Patients undergoing enteral stenting may be monitored for a few hours prior to discharge. One study from India followed a protocol to discharge the patients on postoperative day 3 after they tolerated oral feeds [15]. However, if stenting is performed for perforation, the patient may have an extended hospital stay. At our institution, if esophageal stenting is performed for palliation of dysphagia due to cancer or stent placement for a benign stricture, the patient is discharged after 4 hours of observation if the procedure is uneventful. Patients undergoing antral stenting for palliation of malignant gastric outlet obstruction can be discharged 1–2 days later, provided they have immediate access to medical facilities [16] Patients undergoing colonic stenting for malignant obstruction may be discharged after a median of six days post-procedure, as shown in a study by Ho et al. [17].
Aspiration, perforation, and GI bleeding are life-threatening complications associated with foreign body ingestion. Endoscopic management of most patients who ingested foreign bodies or had an impacted food bolus can be treated on an outpatient basis [18]. Patients with a technically demanding extraction; who ingested multiple objects or foreign bodies, which is associated with a high risk for complications (i.e., sharp-pointed objects, batteries, magnets, objects larger than 5–6 cm); or who have extensive mucosal injury due to foreign body ingestion or endoscopic treatment require admission and observation [18]. However, the length of stay is not defined. We suggest admission and observation of the patient for 24 hours post-procedure and discharge if no complication occurs.

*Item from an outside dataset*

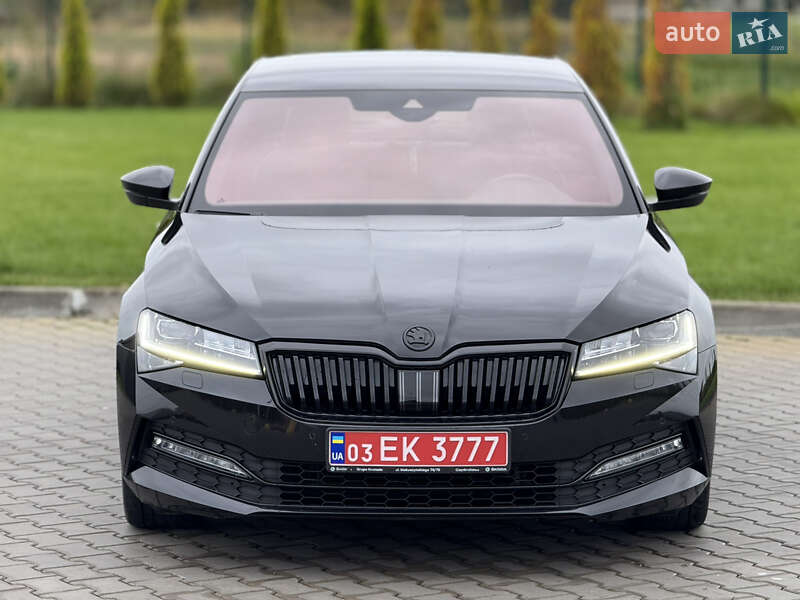 Лифтбек Skoda Superb 2021 в Луцке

Patients undergoing percutaneous endoscopic gastrostomy (PEG) have underlying medical or surgical comorbidities that require hospital admission before the PEG procedure. An important consideration after PEG insertion is the initiation of feeding. A meta-analysis by Bechtold et al. showed that early feeding (defined as < 4 hours) may be a safe alternative to delayed ( > 4 hours) or next-day feeding. Despite the significant increase in gastric residual volumes at day 1, no increase in overall complications was seen [19]. A study by Gumaste et al. on early ( < 3 days) vs. late discharge post-PEG showed that serum albumin level < 2.2 g/dL, age, and two or more comorbidities were independent predictors of late discharge from the hospital [18].

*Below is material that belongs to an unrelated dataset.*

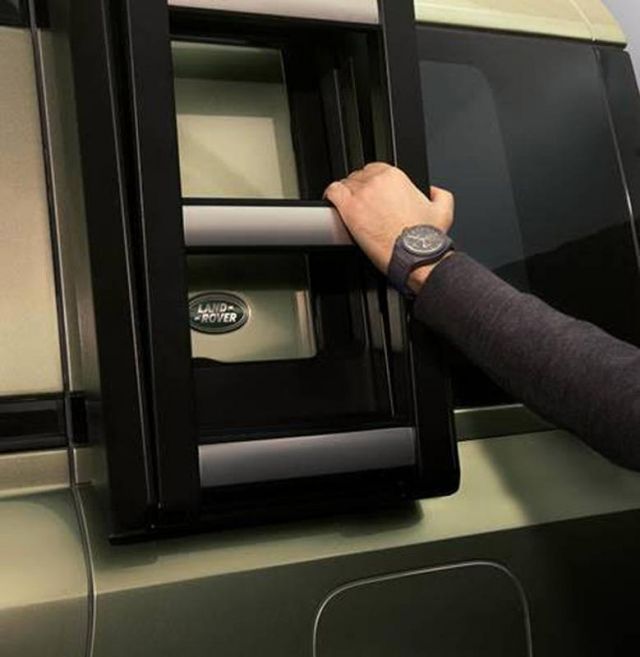 ساعة التحدي بين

Endoscopic mucosal resection (EMR) and endoscopic submucosal dissection (ESD) may be associated with adverse events, such as perforation and bleeding. These complications are major reasons for extended hospital stays. For ESD, recent data show an average of 5–8 days of hospitalization [20]. Choi et al. analyzed EMR and ESD data and found that delayed complications were rarely observed when the patient was discharged within two days after the procedure [21]. Tomiki proposed and validated a post-colonic ESD 3-day discharge algorithm. 22 Patients with intraoperative perforation or bleeding fasted until day 2 and were later managed according to their symptoms. Other patients fasted only for day 1, and those with normal physical, imaging, and laboratory parameters (white blood cell count < 10,000/μL, C-reactive protein < 2 mg/L) were discharged on day 3 [22].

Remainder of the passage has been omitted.